Roman, dışarıdan bakıldığında sıradan görünen bir günü, aslında bir hayatın en yoğun hesaplaşmalarına dönüştürüyor. Engin Topuz’un kaleminde Manisa, yalnızca bir fon değil; okuluyla, parkıyla, insanıyla, belleğiyle başlı başına bir kahraman. Şehrin ağaçları, kahveleri, sokakları Sevgi’nin iç dünyasıyla birleşerek romana güçlü bir yerellik ve evrensellik katıyor.
Benim için bu romanın ayrı bir anlamı var. Çünkü Engin yalnızca bir yazar değil, 35 yıllık dostum. Onun yazarlığındaki en büyük erdemlerden biri, köklerine bağlılığı. Kalemini Manisa’nın toprağına, havasına, insanına değdirmeyi hiç bırakmadı. “Bir Haziran Sabahı”nda da görüyoruz ki bu şehir, Engin’in satırlarında nefes alıyor. Bir diğer romanı Flanör de olduğu gibi.

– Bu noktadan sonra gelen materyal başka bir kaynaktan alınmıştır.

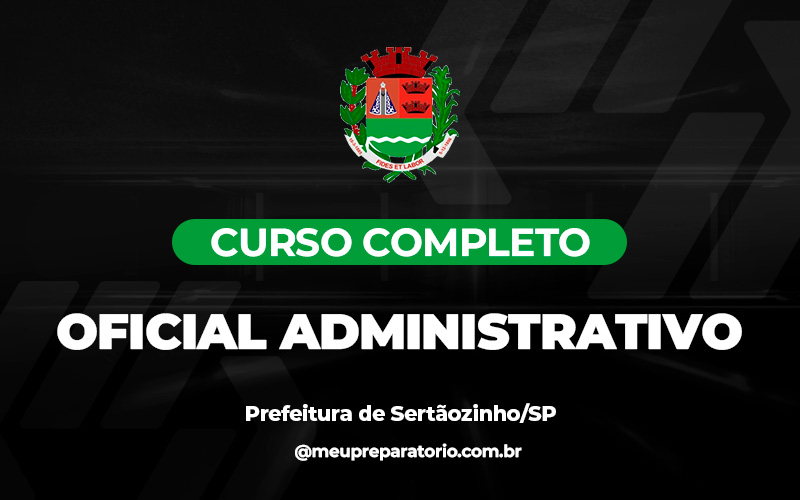 Oficial Administrativo - Sertãozinho (SP)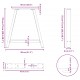 Sonata H Крака за холна маса с A-образна 2 бр черни 80x(72-73)см стомана Sonata H Крака за холна маса с A-образна 2 бр черни 80x(72-73)см стомана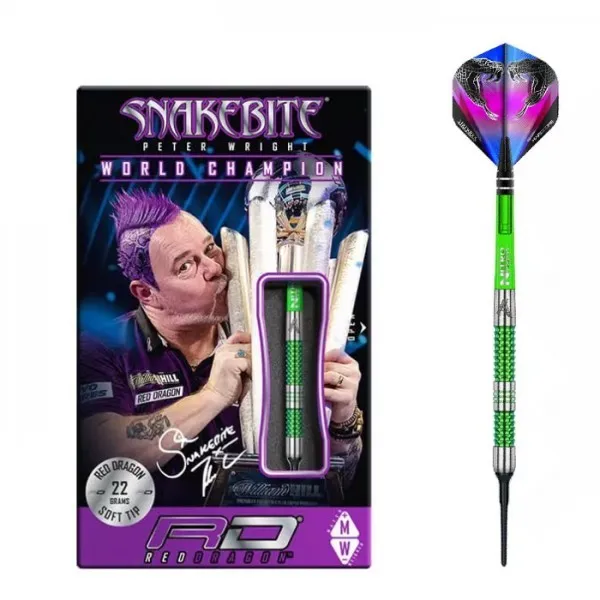 Red Dragon Peter Wright Mamba 22g - Zagreb, Resnički gaj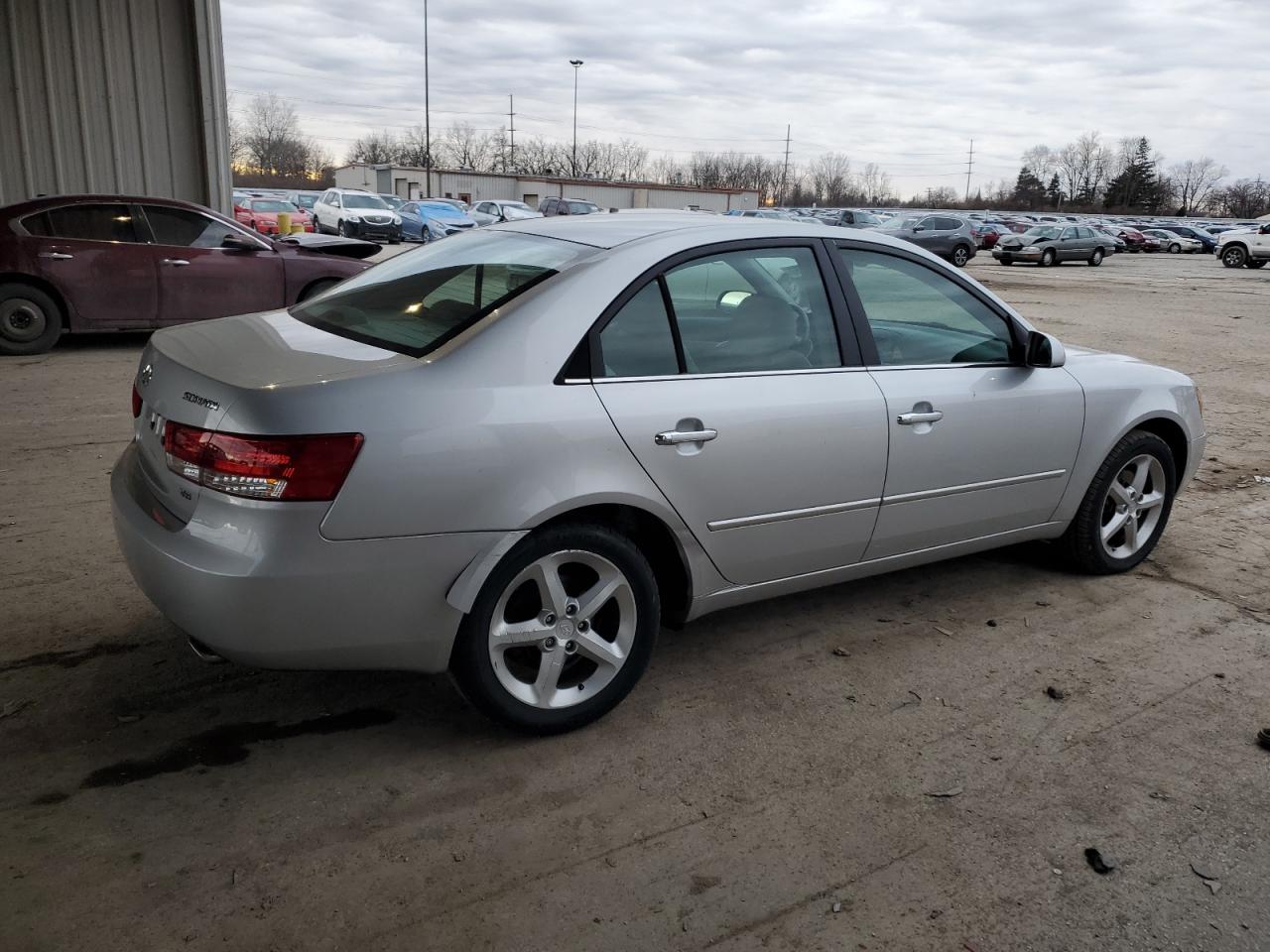 Obraz 3 z 2006 HYUNDAI SONATA GLS 2006 z VIN 5NPEU46F06H038739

Şimdi sıra, bu emeği ve bağlılığı kutlamada.
📌 20 Eylül Cumartesi günü, 14.00–17.00 saatleri arasında, Manisa Kültür Merkezi Fuaye’sinde Engin Topuz yeni romanı için tanıtım ve imza etkinliği gerçekleştirecek.
Bu sadece bir imza günü değil, bir kentin kendini satırlara döken yazarıyla buluşması olacak. Romanın sayfalarında karşılaştığımız o parkta oturan veliler, sınav telaşı yaşayan gençler, kayıplar ve umutlar; belki de orada, sohbetlerimiz dahil olacak ve yeniden canlanacaklar.
“Bir Haziran Sabahı” bize şunu hatırlatıyor: Hayatın en sıradan görünen anları, aslında en derin hesaplaşmalara gebedir. Ve edebiyat, bu hesaplaşmaları görünür kıldığında bir şehrin, bir toplumun aynasına dönüşür.
20 Eylül’de gelin, hem bir romanı hem de bu kentin hafızasına emek vermiş bir yazarı birlikte selamlayalım. Manisa hikâyesinin kahramanları olarak yazarımızla buluşalım.